WORK TO BE COMPLETED: Give only the number of lines in these records that contain the word "Resort".

==== INPUT DATA

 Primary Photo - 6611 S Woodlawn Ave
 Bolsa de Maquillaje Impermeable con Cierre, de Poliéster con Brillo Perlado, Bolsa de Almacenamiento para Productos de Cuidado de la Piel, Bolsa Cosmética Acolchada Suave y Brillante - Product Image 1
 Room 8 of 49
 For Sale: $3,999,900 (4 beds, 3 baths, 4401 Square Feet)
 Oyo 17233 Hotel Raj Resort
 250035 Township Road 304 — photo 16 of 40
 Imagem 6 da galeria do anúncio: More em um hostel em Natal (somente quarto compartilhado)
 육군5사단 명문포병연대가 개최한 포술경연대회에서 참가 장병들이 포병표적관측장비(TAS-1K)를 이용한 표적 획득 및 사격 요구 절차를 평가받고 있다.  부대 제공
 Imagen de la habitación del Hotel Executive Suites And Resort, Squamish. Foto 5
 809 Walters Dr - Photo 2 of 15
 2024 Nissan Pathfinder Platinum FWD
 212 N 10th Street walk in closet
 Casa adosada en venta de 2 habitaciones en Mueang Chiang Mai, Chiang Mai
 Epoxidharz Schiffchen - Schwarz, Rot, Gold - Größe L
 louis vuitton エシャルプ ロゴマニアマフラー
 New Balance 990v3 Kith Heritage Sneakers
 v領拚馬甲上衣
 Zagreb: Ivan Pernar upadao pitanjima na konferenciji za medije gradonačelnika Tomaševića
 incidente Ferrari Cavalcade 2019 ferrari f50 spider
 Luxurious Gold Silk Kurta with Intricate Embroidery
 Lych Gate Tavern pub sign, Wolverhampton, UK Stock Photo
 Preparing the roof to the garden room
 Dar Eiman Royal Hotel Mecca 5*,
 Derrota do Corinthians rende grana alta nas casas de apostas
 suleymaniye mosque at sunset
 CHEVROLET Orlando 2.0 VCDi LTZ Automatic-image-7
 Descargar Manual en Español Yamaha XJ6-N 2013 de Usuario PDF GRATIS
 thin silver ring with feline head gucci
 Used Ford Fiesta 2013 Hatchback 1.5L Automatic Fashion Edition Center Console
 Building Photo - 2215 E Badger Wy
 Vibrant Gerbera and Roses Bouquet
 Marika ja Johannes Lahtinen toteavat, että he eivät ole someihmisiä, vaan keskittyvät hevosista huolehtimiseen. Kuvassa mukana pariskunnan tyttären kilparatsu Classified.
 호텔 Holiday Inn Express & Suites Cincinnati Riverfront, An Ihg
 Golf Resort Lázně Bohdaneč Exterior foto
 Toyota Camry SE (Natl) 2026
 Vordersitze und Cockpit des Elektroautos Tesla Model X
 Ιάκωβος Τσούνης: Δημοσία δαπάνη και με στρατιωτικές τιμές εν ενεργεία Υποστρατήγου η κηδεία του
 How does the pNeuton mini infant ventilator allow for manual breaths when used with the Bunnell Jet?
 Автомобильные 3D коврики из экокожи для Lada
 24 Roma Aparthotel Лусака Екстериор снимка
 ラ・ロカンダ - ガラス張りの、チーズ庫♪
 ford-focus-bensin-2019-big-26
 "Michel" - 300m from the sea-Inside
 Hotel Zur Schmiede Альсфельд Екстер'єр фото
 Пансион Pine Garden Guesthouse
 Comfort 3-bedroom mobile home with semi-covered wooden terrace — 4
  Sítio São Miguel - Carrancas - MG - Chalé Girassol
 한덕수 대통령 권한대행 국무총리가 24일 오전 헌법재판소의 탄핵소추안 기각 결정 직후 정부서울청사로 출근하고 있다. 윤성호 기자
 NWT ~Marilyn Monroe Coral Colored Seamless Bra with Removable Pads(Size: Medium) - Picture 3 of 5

========

ANSWER TO THIS EXERCISE: 3